She trudges, schlepps, trains, drags, trascines her load . A tide westering, moondrawn in her wake. Tides, myriad islanded, within her. (James Joyce)

Elle trimarde , schleppe, traîne, tire, trascine sa charge. Une marée qui rampe à l’ouest tirée par la lune la suit. Marées en elle avec des myriades d’îles, sang qui n’est pas le mien. ( traduction Valery Larbaud)

Elle hale, schleppe, traîne, poulle, trascine sa charge. Marée faisant cap à l’ouest remorquée par la lune. Marée émaillée de myriades d’îles en elle. ( traduction Pascal Bataillard)

His lips lipped and mouthed fleshless lips of air : mouth to her womb. OOMB, allwombing tomb. His mouth moulded issuing breath unspeeched : OIEEEHAH : roar of cataractic planets, globed, blazing, roaring, waywaywaywaywayway. (JJ)

Il faisait la moue et ses lèvres effleuraient et mâchonnaient de fictives lèvres de vent : bouche à son ventre. Antre, tombe où tout entre. Du moule de sa bouche son souffle sortait des sons inarticulés OO…HII…HA grondement d’astres en trombe, ronds brandons qui grondent voya voya voya voya voyage. (VL)

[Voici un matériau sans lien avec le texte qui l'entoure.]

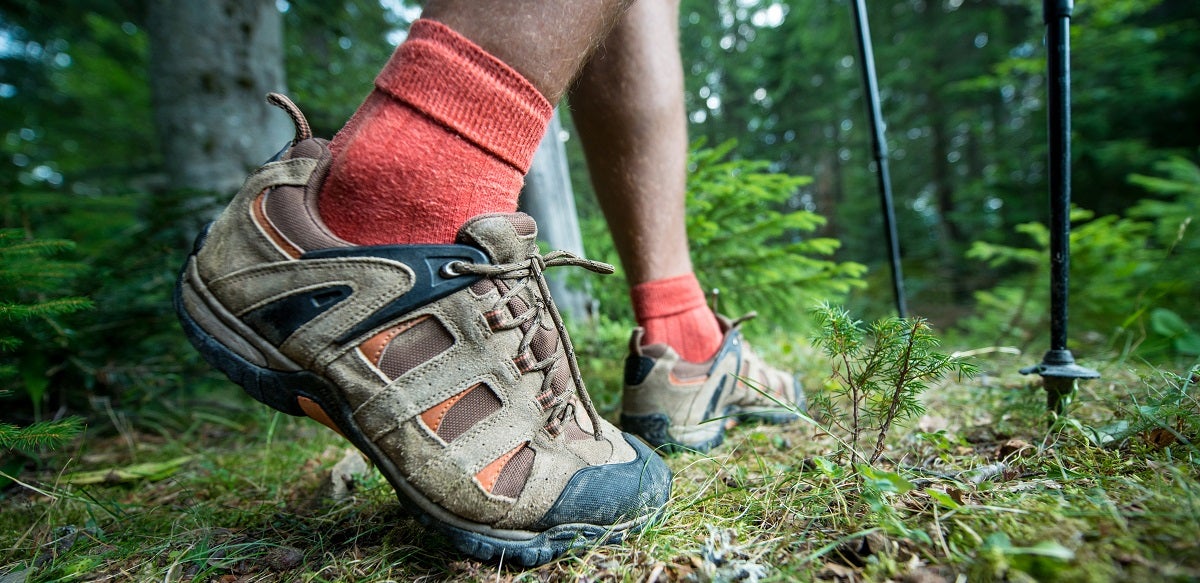 how to choose hiking shoes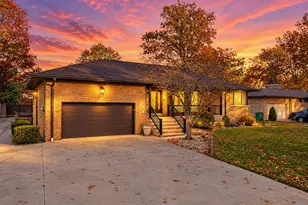 6239 Crossview Rd, Green Hills, OH 44131 - Photo 1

Ses lèvres se délivraient de murmures, embouchures pour la bouche sans chair de l’air , bouche posée sur sa bouchuutteruse. Gravitombre, m’accouche ma triste tombe. Lèvres moules chuintant  des souffles d’air sans paroles. OOHEEHAA grondement de cataracte des planètes orbées s’embrasant, grondant, voye voye voye voye voyage. ( PB)

In long lassoes from the lock lake the water flowed full covering green goldenly lagoons of sand rising, flowing. (JJ)

Du lac de Cock, l’eau fluait à  force de longs lassos , recouvrait l’or vert des îlots de sable, s’enflait, fluait. (VL)

Dessinant de longs lassos du lac Cock affluait l’eau, grosse, recouvrant des lagons de sable vert-dorant, montant, affluant . (PB)

Listen a fourworded wavespeech : SEESSO HRSS RSSEEISS OOOS, vehement breath of waters amid seasnakes, rearing horses, rocks. In cup of rocks it slops: FLOP, SLOP, SLAP : bounded in barrels. And spent, its speecheases. It flowspurling widely flowing, floating foampool, flower infurling . (JJ)

Attention un discours en quatre mots du flot : SIISOU, HRSS, RSSEEISS, OUASS. Souffle véhément des eaux parmi les serpents de mer, des chevaux cabrés, des rocs. Dans des tasses de rochers le flot flaque FLIC FLAC FLOC bruit de barils. Et répandu sons discours tarit. Il flue en murmure, largement il flue flottantes flaques d’écume, fleurs qui se déploient. (VL)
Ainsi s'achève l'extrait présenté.